• **WORK ITEM**: A verbatim copy of every record is required, and no pictures should be included.

• **DATA PROVIDED**:

- - -

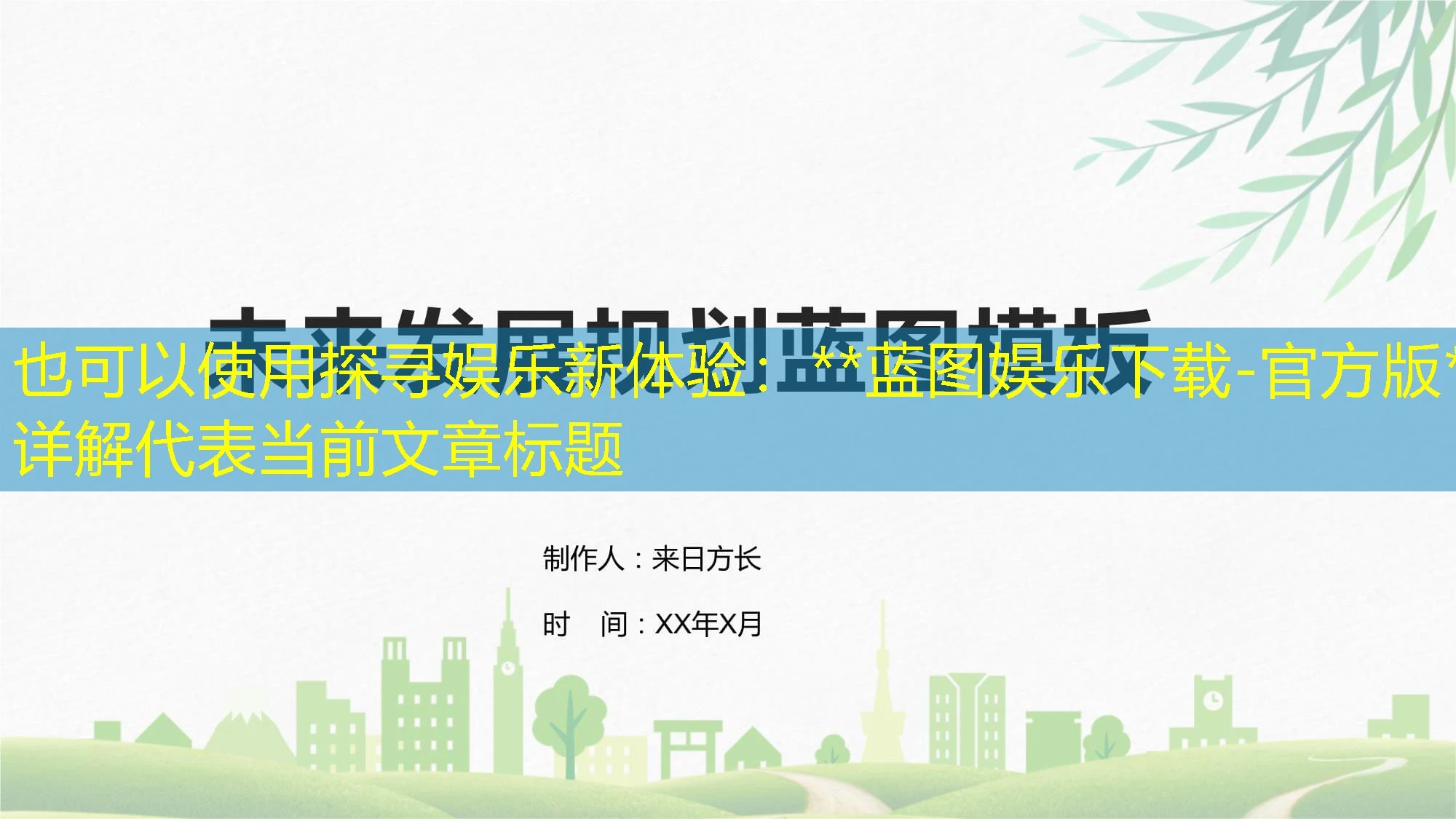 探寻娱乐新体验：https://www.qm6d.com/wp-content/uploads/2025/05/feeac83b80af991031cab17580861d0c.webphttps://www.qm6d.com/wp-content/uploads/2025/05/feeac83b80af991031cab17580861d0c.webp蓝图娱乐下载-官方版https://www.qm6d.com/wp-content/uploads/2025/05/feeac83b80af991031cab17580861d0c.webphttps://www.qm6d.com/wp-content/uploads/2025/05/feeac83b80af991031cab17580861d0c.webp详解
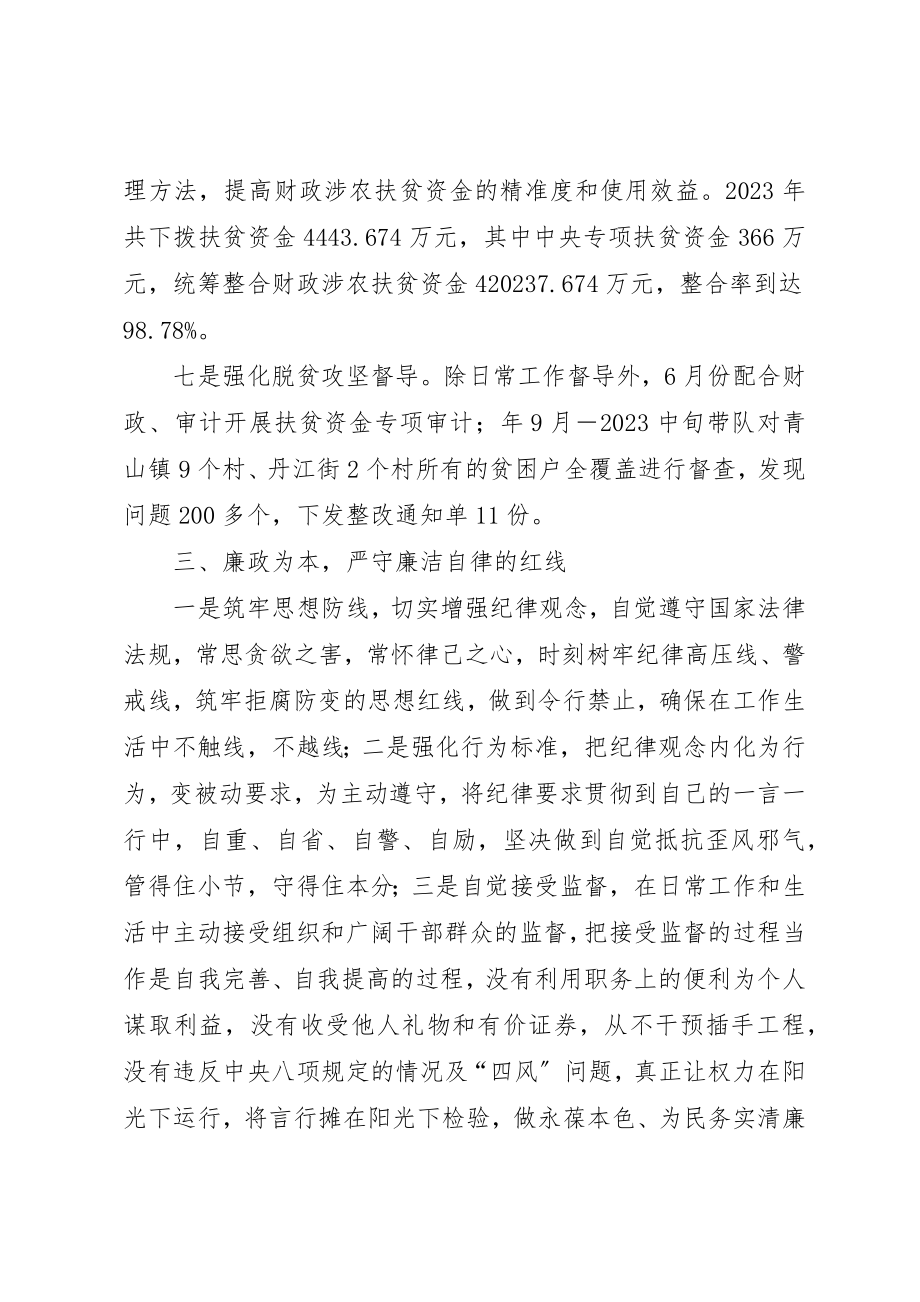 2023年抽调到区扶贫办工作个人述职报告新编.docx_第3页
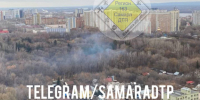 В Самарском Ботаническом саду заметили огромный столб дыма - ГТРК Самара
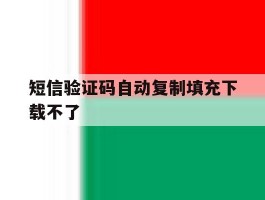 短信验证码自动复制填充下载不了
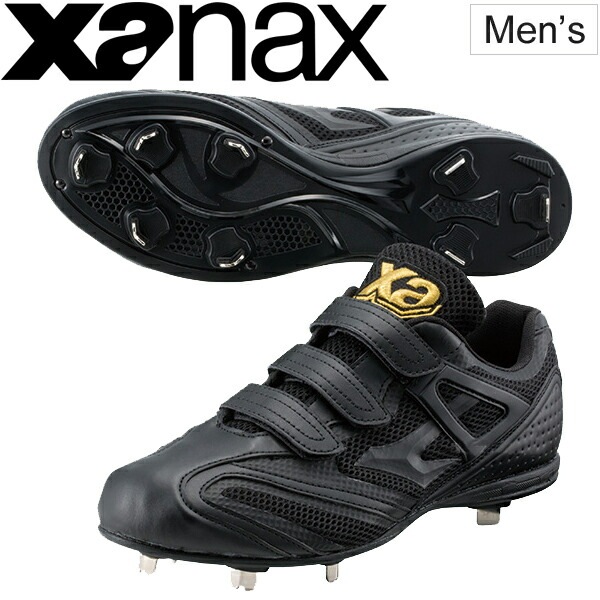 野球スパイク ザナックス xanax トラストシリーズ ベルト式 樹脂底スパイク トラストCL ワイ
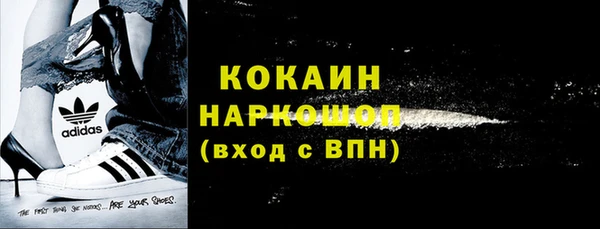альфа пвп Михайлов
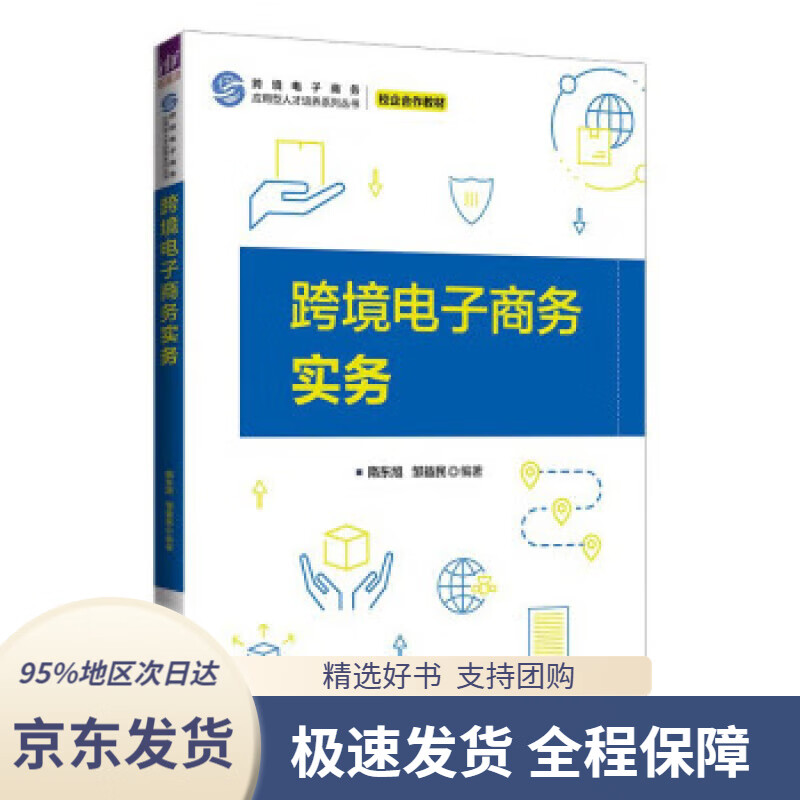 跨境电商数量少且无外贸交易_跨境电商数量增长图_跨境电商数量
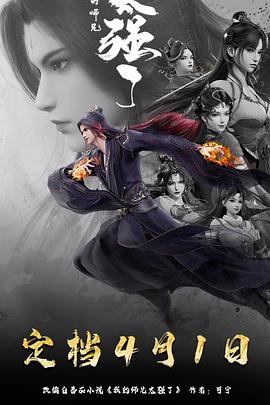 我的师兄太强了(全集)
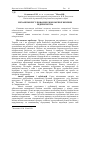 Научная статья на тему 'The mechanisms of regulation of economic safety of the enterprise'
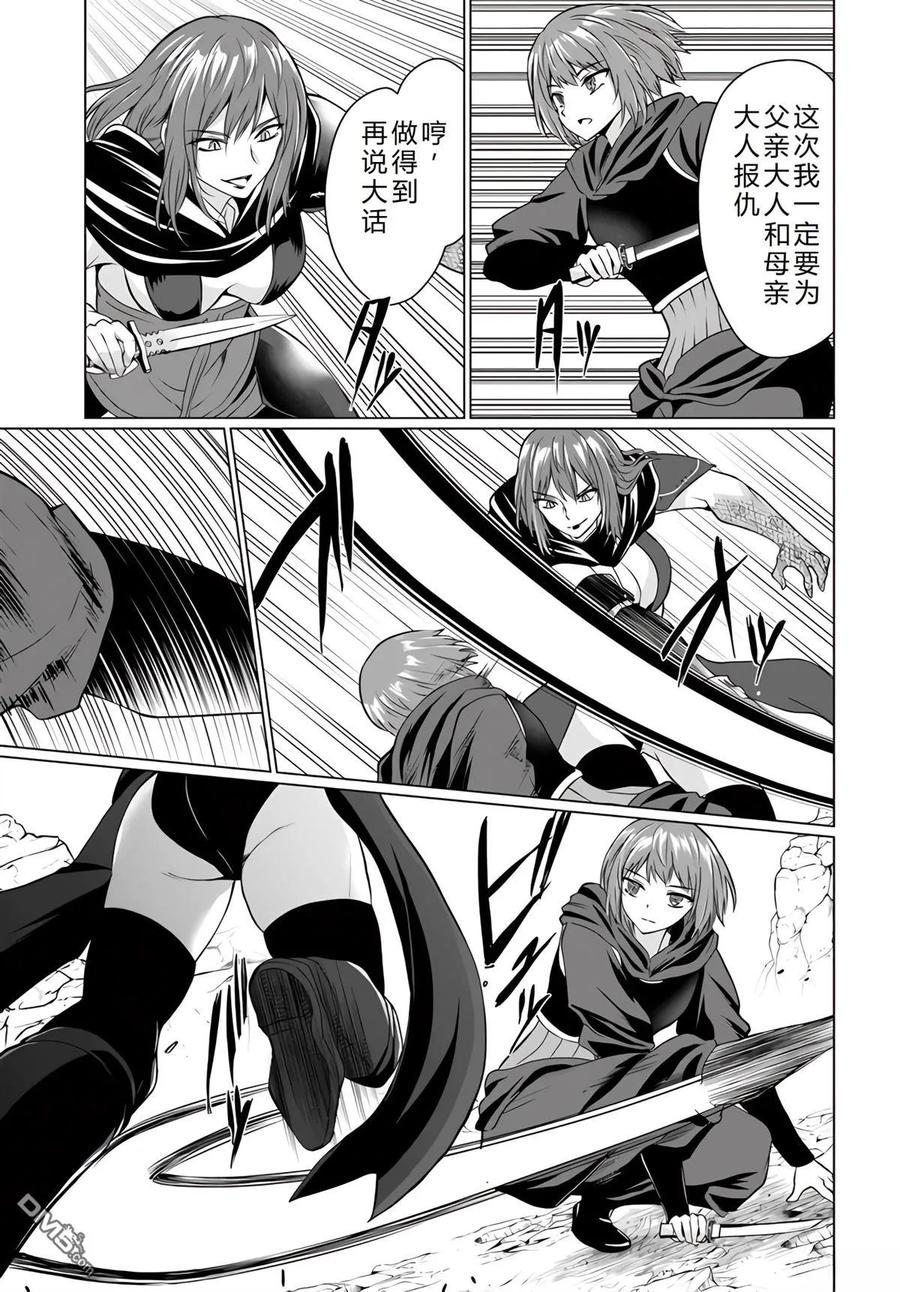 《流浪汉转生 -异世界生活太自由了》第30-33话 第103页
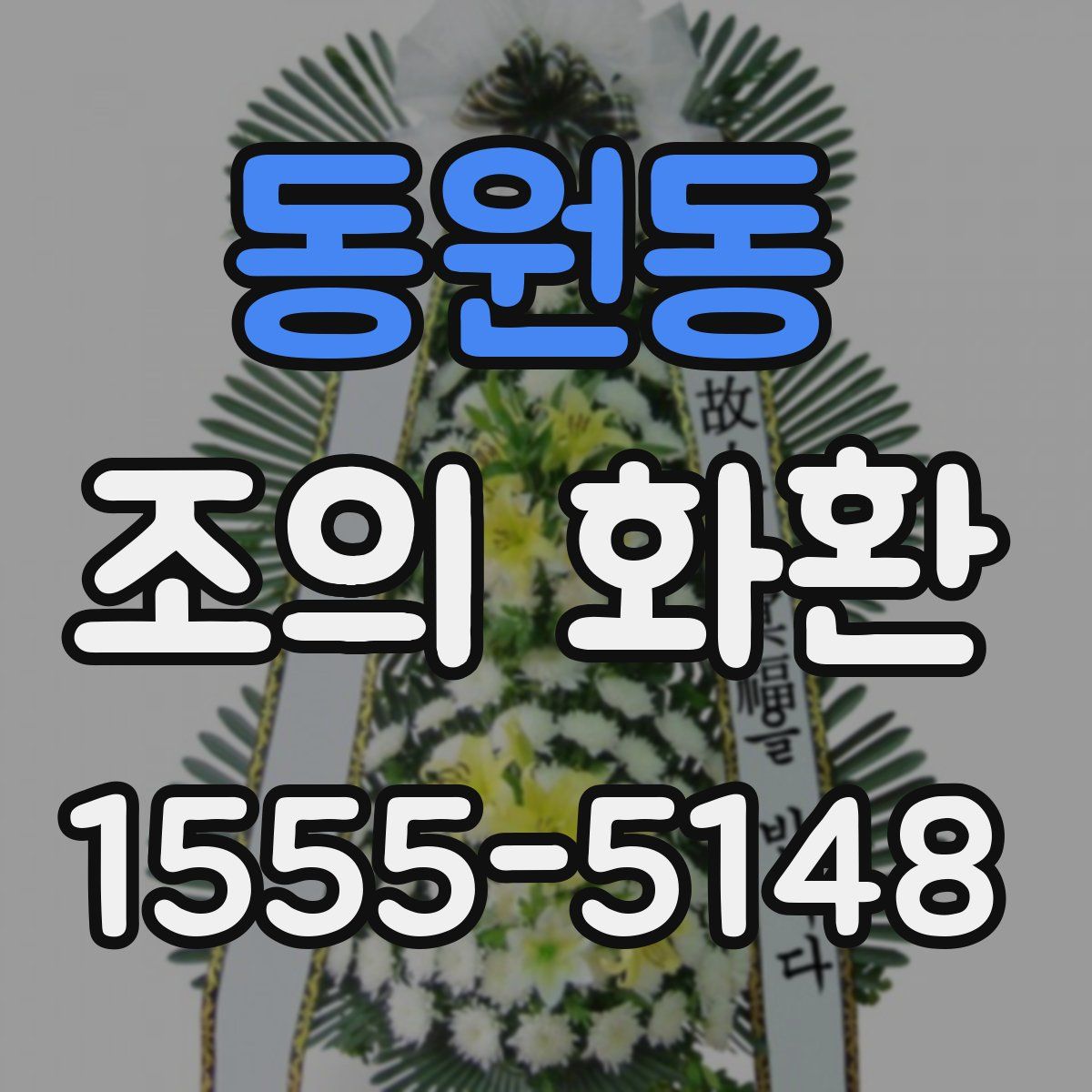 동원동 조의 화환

- - -

• **SOLVED EXERCISE**:
 探寻娱乐新体验：https://www.qm6d.com/wp-content/uploads/2025/05/feeac83b80af991031cab17580861d0c.webphttps://www.qm6d.com/wp-content/uploads/2025/05/feeac83b80af991031cab17580861d0c.webp蓝图娱乐下载-官方版https://www.qm6d.com/wp-content/uploads/2025/05/feeac83b80af991031cab17580861d0c.webphttps://www.qm6d.com/wp-content/uploads/2025/05/feeac83b80af991031cab17580861d0c.webp详解
 2023年抽调到区扶贫办工作个人述职报告新编.docx_第3页
 В Самарском Ботаническом саду заметили огромный столб дыма - ГТРК Самара
 短信验证码自动复制填充下载不了
 野球スパイク ザナックス xanax トラストシリーズ ベルト式 樹脂底スパイク トラストCL ワイ
альфа пвп Михайлов
 跨境电商数量少且无外贸交易_跨境电商数量增长图_跨境电商数量
 我的师兄太强了(全集)
 Научная статья на тему 'The mechanisms of regulation of economic safety of the enterprise'
 《流浪汉转生 -异世界生活太自由了》第30-33话 第103页
 동원동 조의 화환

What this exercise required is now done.